DATA PROVIDED:
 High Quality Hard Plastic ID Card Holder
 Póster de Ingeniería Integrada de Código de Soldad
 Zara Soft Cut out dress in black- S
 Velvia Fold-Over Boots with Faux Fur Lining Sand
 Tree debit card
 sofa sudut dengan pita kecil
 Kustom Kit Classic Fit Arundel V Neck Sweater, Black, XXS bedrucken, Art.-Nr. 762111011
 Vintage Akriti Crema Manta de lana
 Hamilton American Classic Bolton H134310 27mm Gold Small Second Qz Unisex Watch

==

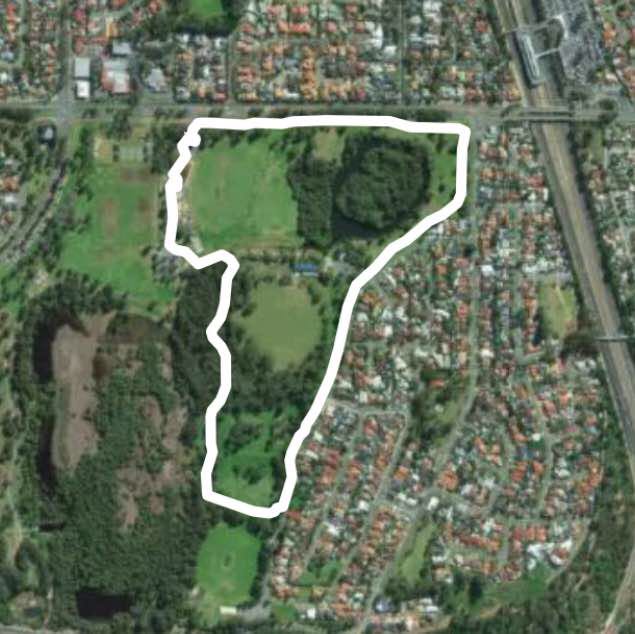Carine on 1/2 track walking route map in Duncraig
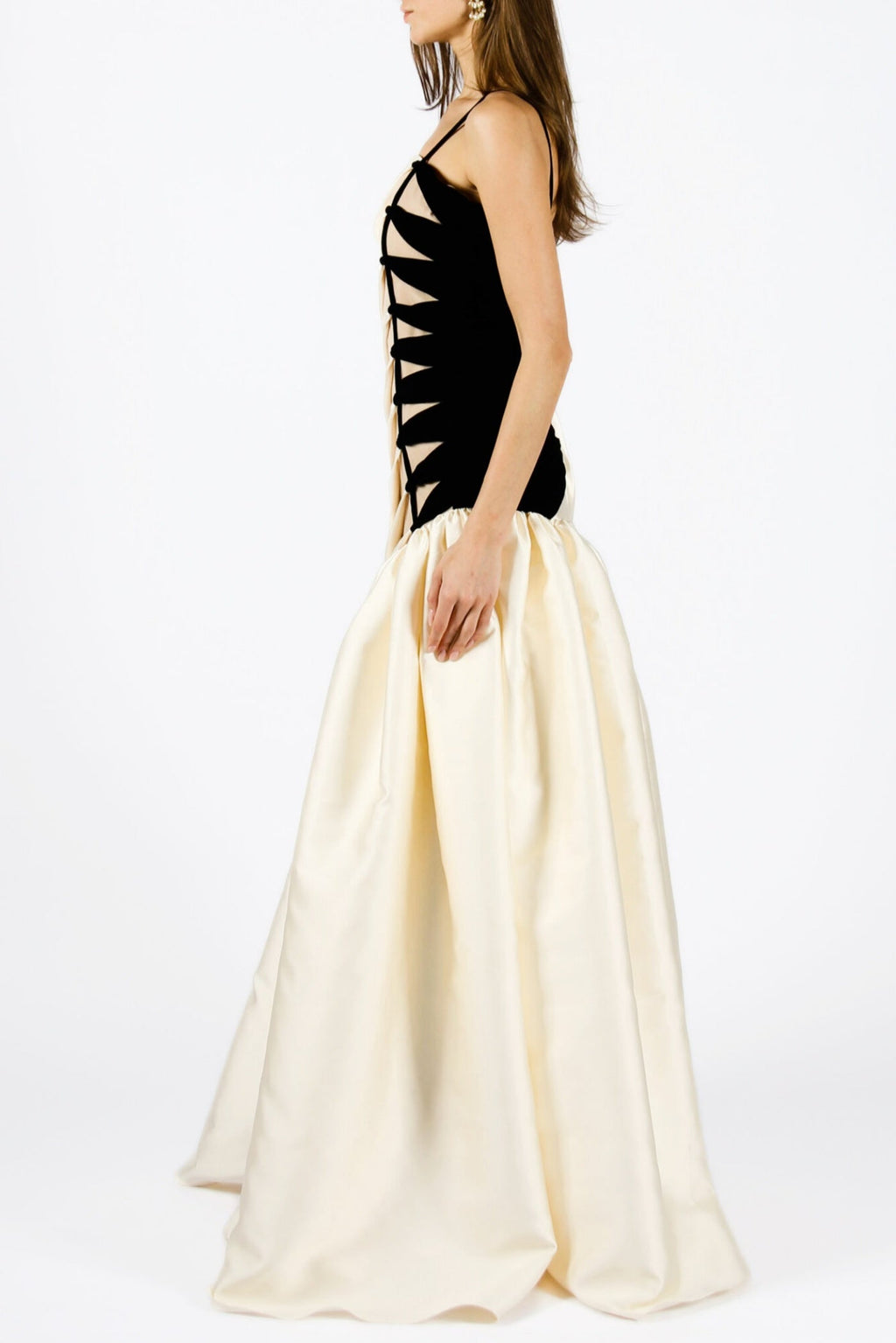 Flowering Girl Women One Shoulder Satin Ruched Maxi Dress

...

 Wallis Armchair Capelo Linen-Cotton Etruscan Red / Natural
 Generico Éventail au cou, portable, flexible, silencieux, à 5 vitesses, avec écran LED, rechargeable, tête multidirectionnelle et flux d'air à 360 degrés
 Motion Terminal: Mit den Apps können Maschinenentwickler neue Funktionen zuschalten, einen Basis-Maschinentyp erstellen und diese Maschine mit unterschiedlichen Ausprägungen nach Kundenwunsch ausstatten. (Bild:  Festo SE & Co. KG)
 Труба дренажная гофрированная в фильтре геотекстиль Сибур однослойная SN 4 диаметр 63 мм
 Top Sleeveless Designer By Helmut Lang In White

TASK BRIEF:
After locating "Carine on 1/2" and "Flowering Girl Women" in the records above, return exactly the line holding each one and every line between them; leave out the pictures.

OUTPUT:
Carine on 1/2 track walking route map in Duncraig
 Flowering Girl Women One Shoulder Satin Ruched Maxi Dress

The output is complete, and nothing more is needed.